Tuesday, 8 March 2016

David Parr House



In a back street in Cambridge, a hitherto unknown domestic interior, now over a hundred years old, has been discovered and purchased in order to preserve and share it.  

The [very] small terraced house was until recently the home first of David Parr and then of his granddaughter and her family. In his day job, David Parr was employed as an artist-painter by the firm F R Leach & Sons, responsible for carrying out many church and college decorative schemes in Cambridge and beyond – typically patterned mural painting on walls and ceilings with elaborate late-Victorian designs and colourways, inspired by Gothick architects and William Morris in the early days of the Firm




.

From the 1890s through to his death in 1927 David Parr brought his work home, with his paints, to cover the surfaces of his home with similar high quality ornamentation – foliage, flowers, motifs, scrolls, quotations – executed with perfect craftsmanship.  He kept a notebook too, detailing paints and tools and dates and costs, so the sequence of work is recorded. 


Having purchased the house from the family following the death of Parr’s granddaughter, who moved in aged 12 to look after her grandmother in 1927, the David Parr House charitable trust aims to preserve, conserve and open this modest yet remarkable building to the public.  

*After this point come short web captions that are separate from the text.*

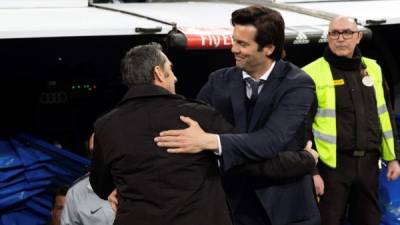 Santiago Solari y Ernesto Valverde, DT del Real Madrid y Barcelona. FOTO EFE.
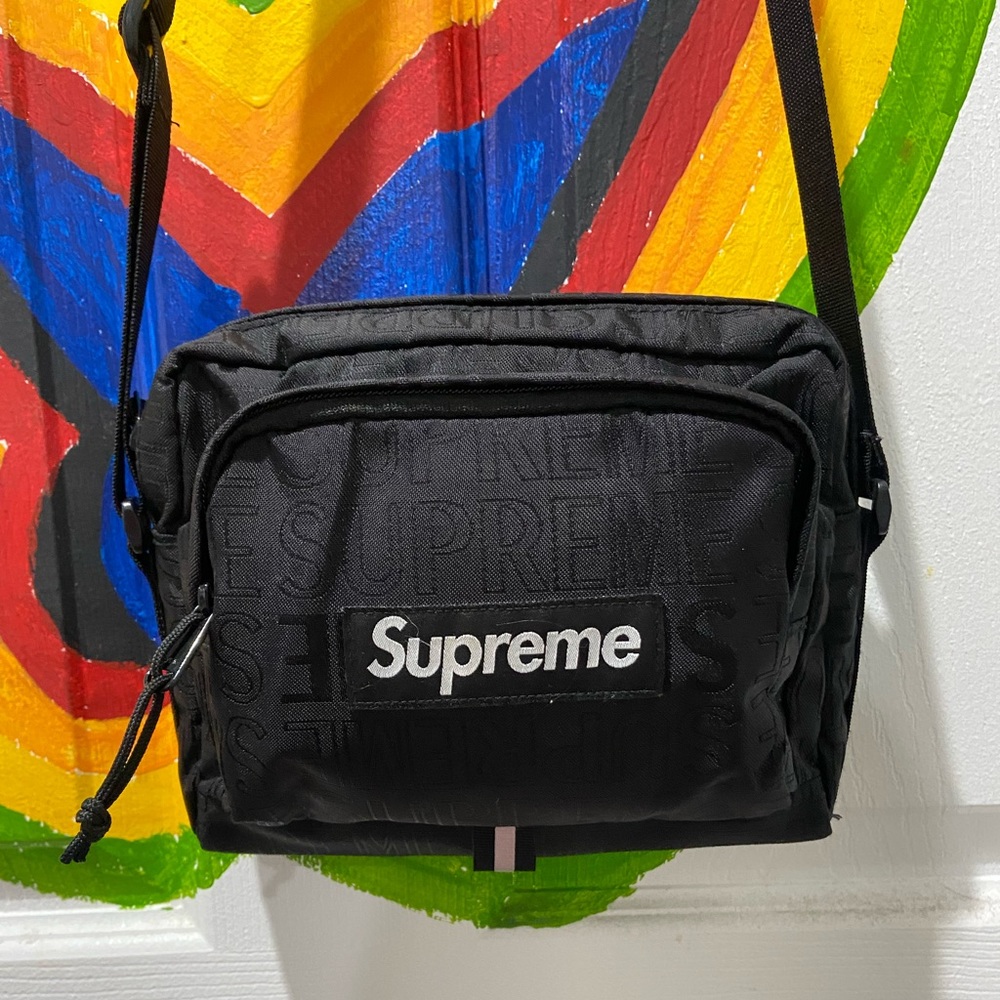 Suprime side bag⚠️offers welcome⚠️  supreme sticker and bag included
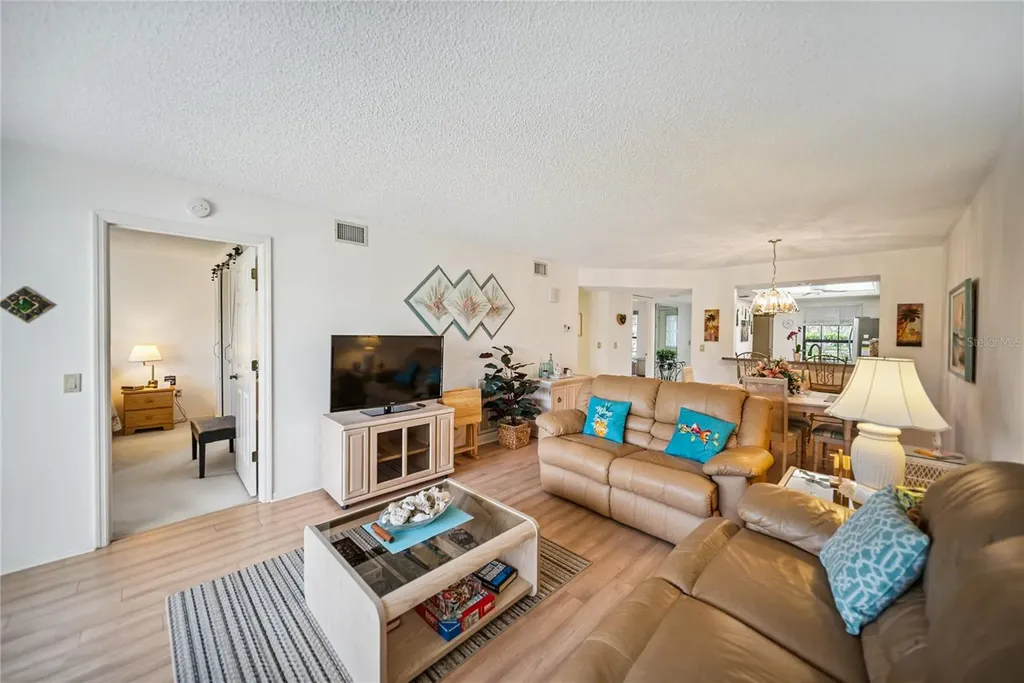 4406 Weybridge Sarasota FL 34235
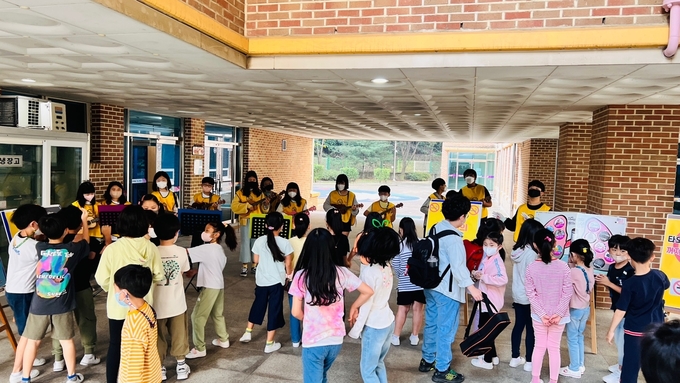 군포 한얼초등학교가 등굣길 버스킹 ‘흡연예방 캠페인’ 을 펼치고 있다.(사진=군포 한얼초 제공)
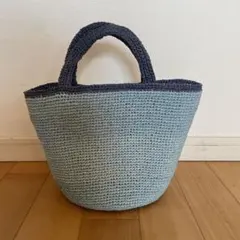 水色と紺色のかごバッグ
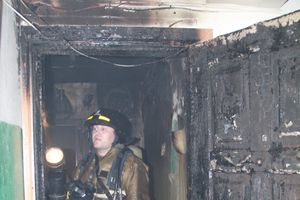 В Великих Луках на проспекте Гагарина загорелась квартира (фото)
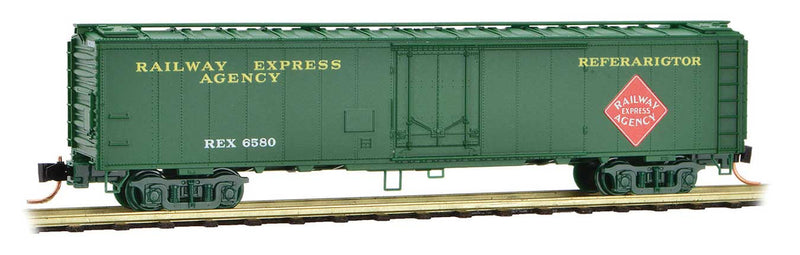52'2" Riveted Steel Express Reefer with Plug Door - Ready to Run -- Railway Express Agency 6580 (green, Full Lettering, red Full Logo)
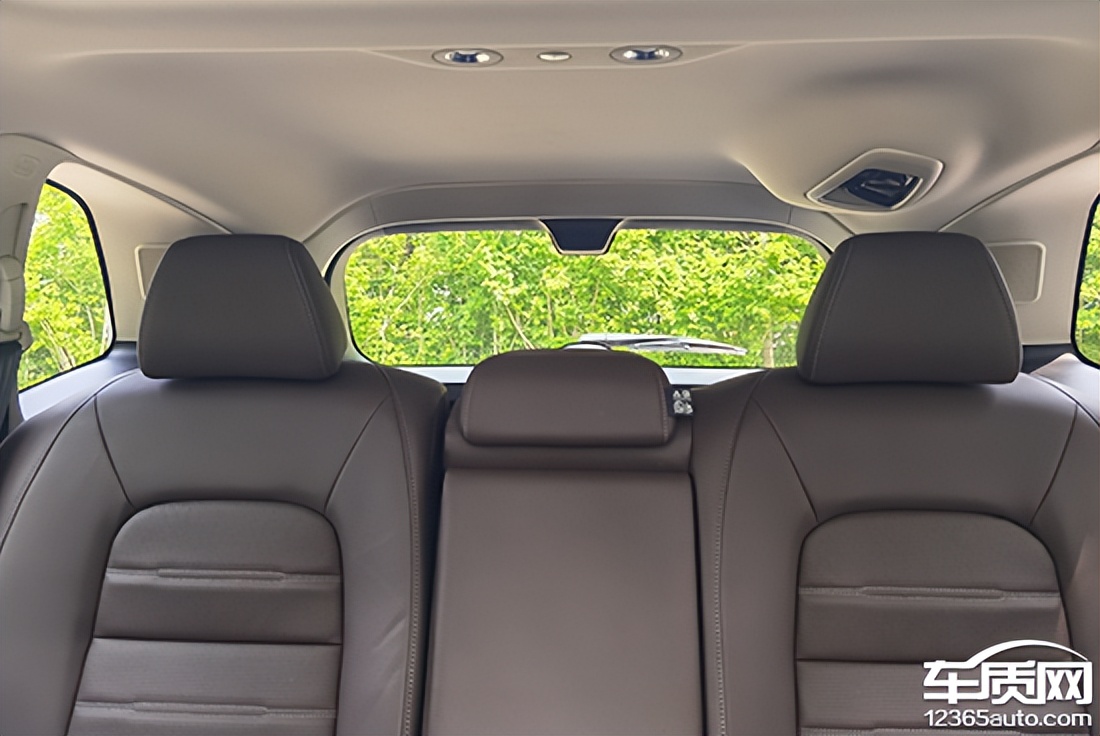 2023款本田cr-v锋尚版7座,本田cr-v2023款怎么判断左右距离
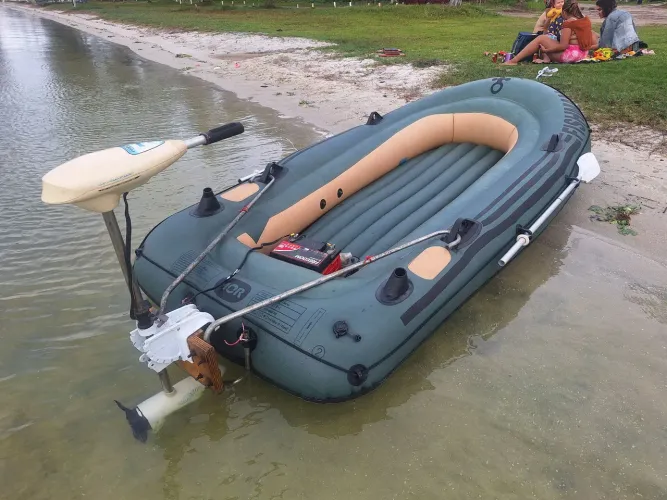Bote inflavel com motor elétrico e baterías
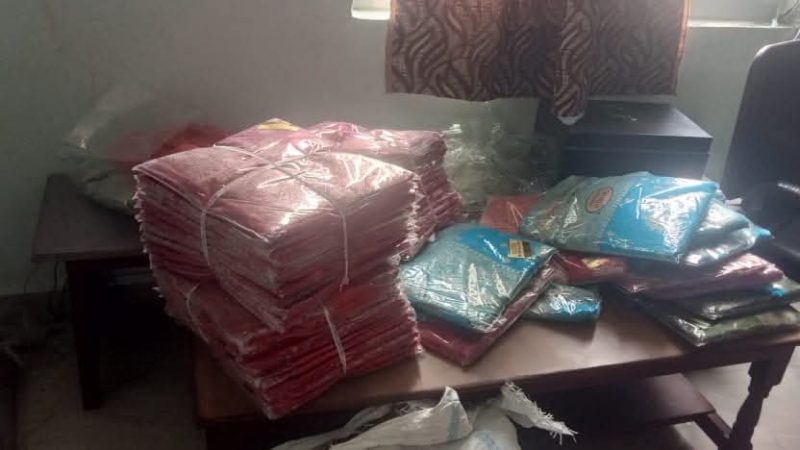 भालुवाङ प्रहरीद्वारा अवैध भन्सार छलि ल्याएकाे लत्ताकपडा बरामद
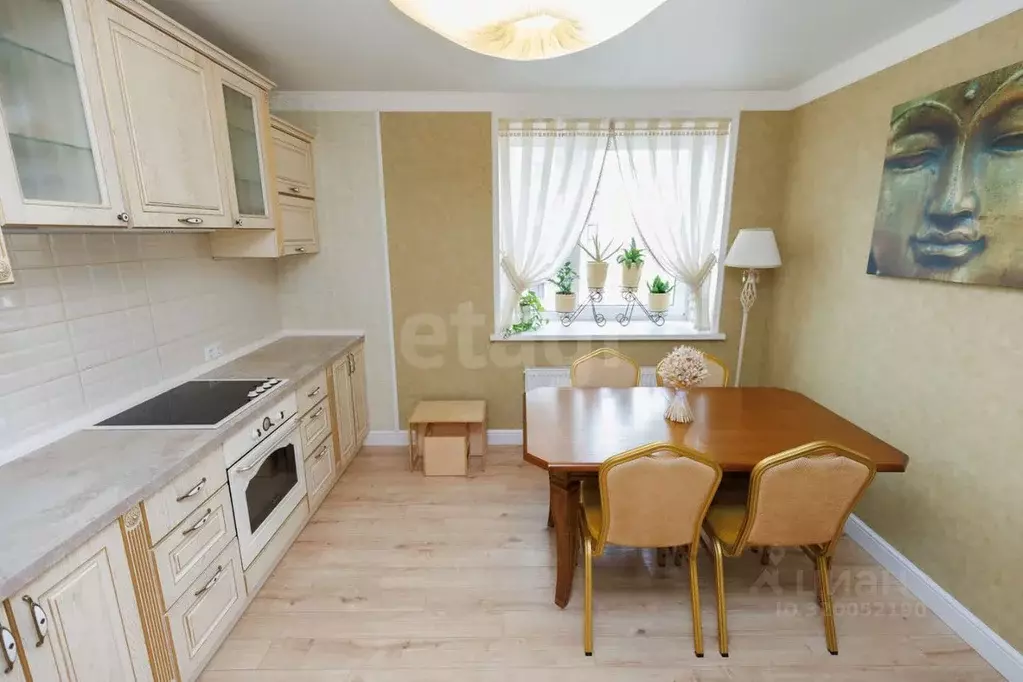 2-к кв. Удмуртия, Ижевск ул. Карла Маркса, 308к1 (64.6 м) - Фото 1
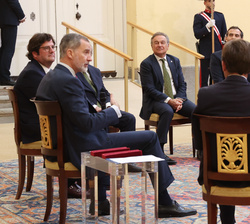 Su Majestad el Rey durante la audiencia a la Junta Directiva del Real Club de Polo de Barcelona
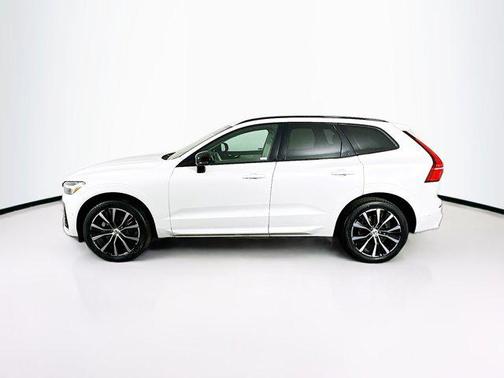 2024 Volvo XC60 B5 Plus Dark Theme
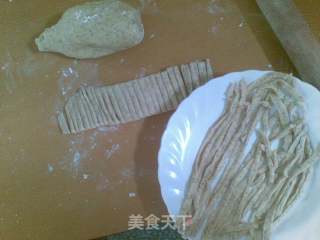 家常手擀面的做法步骤：2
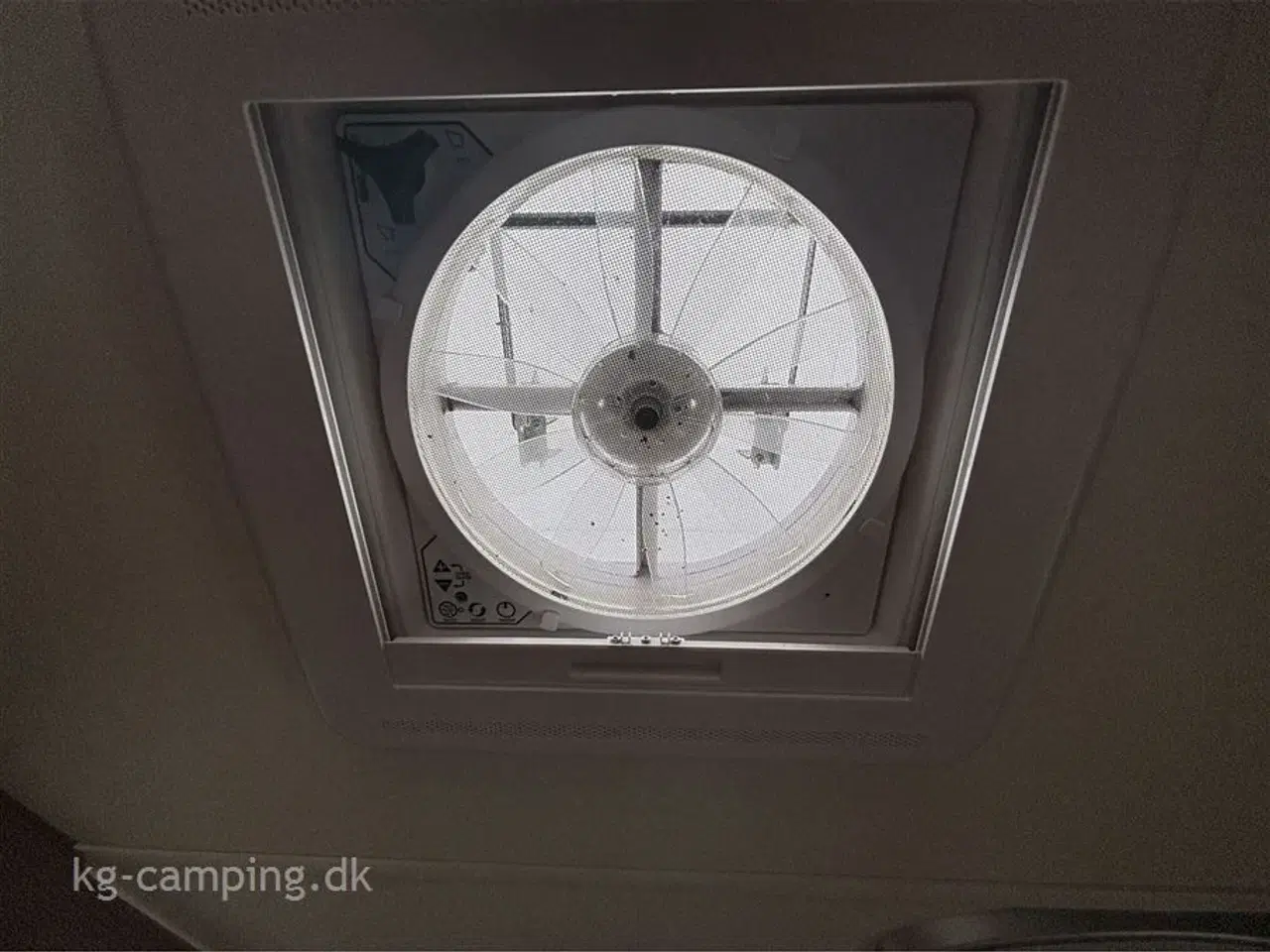 Billede 12 - 2014 - Kabe Royal IMPERIAL 560 XL KS   Kabe top model med Markise - Mover - Solcelle - Inverter - Fortelt mm.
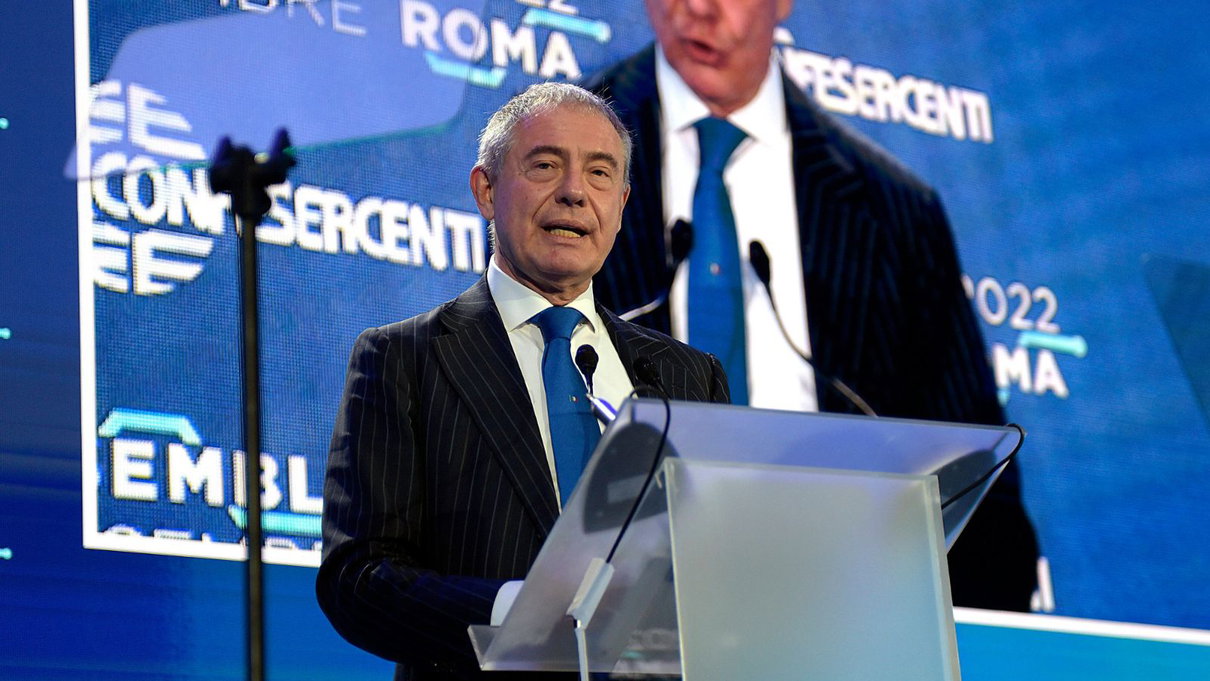 I vertici di Dazn convocati dal ministro delle Imprese e del Made in Italy article-post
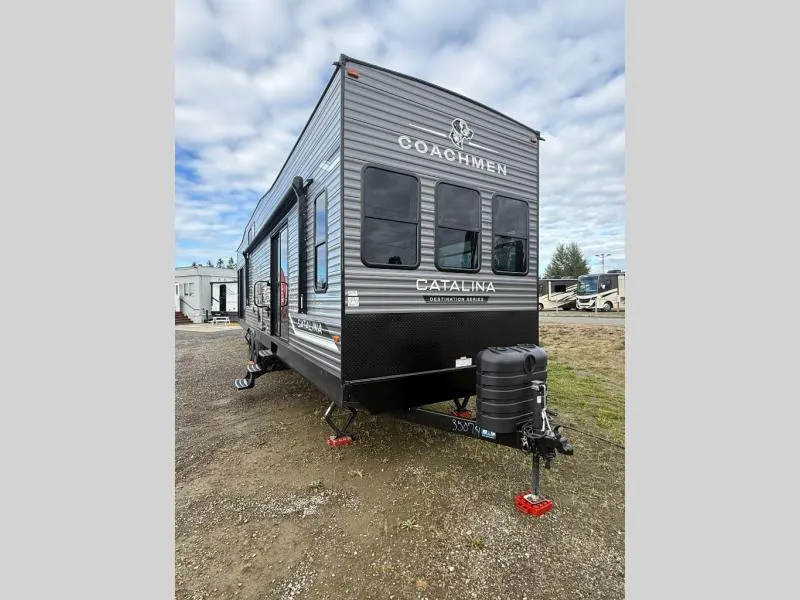 2025 Coachmen Catalina Destination Series 35FME - Photo 2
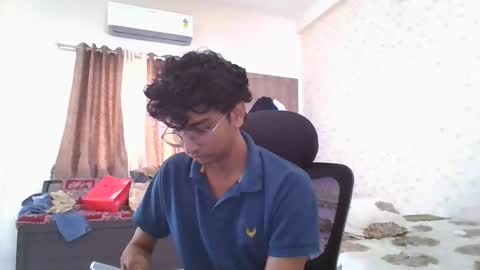 Mask Boy online show from 29, 10, 2025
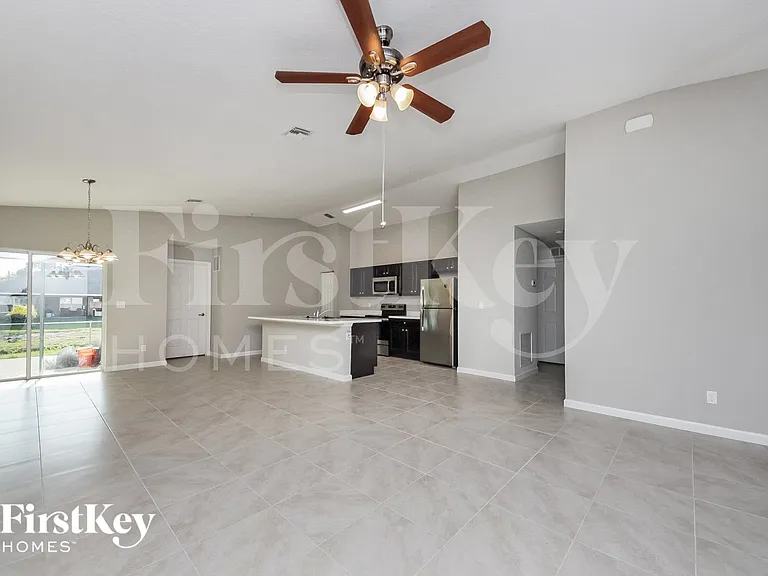 1490 Paramount Ave SE — Photo 3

The painting is exceptional in itself and in terms of its virtually intact survival, as it were out of sight for so many decades;  of equal if not greater historical interest is that it is all the work of a journeyman house painter from the same period as that so vividly in The Ragged-Trousered Philanthropists by Robert Tressell – men working for seven or eight pence an hour.  With the Leach firm, Parr was probably not subject to arbitrary wage cuts or lay-offs; nonetheless in the Edwardian era his income and family standard of living was very basic, while his meticulous accounts echo the philanthropists’ concern with pence and half-pence.   All the more amazing his creation of a unique interior.